◆ ASSIGNED TASK: Produce a perfect copy of the listing, matching each line.

◆ SOURCE MATERIAL:
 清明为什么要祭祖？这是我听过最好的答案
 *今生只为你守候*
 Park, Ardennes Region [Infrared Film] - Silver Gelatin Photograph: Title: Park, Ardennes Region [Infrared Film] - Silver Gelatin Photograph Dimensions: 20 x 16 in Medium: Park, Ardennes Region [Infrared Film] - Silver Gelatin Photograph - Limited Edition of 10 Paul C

◆ EXPECTED OUTPUT:
 清明为什么要祭祖？这是我听过最好的答案
 *今生只为你守候*
 Park, Ardennes Region [Infrared Film] - Silver Gelatin Photograph: Title: Park, Ardennes Region [Infrared Film] - Silver Gelatin Photograph Dimensions: 20 x 16 in Medium: Park, Ardennes Region [Infrared Film] - Silver Gelatin Photograph - Limited Edition of 10 Paul C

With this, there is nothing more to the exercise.